Fresh from the Skeleton’s Mouth
Over at Book Riot we’ve got all the spooky content lined up as we creep our way into Fall. Our contributors are discussing Gothic Horror, diverse YA Horror reads, Indigenous Horror books, and Mary Shelley’s timeless Frankenstein. Cant decide what to read? Design your ultimate haunted house and find your next horror read!
As if I weren’t already salivating to get my fangs on my copy of Vampires Never Get Old, editors Zoraida Córdova and Natalie C Parker have just launched the companion Vampires Never Get Old Podcast, providing additional content about the creation of the anthology and the history of vampire literature. Warm up those headphones folks!
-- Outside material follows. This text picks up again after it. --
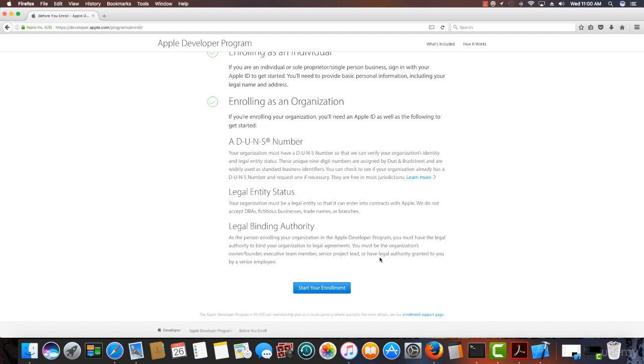Now, Apple will not do business with you, enter any contracts with you, if you're not a legal entity. So your organization must be a legal entity so they can enter into contracts with Apple. They declare the states here, We do not accept DBAs, fictitious businesses, trade names, or branches.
Speaking of movie trailers, maybe you’ve seen the one going around twitter for Freaky, the delightful meta-slasher, Friday the 13th meets Freaky Friday movie coming out in November from Universal? Well I’m obsessed. And if the wait until November seems interminable, embrace the slasher by picking up a copy of Stephen Graham Jones’ equally meta, and equally delightful The Last Final Girl.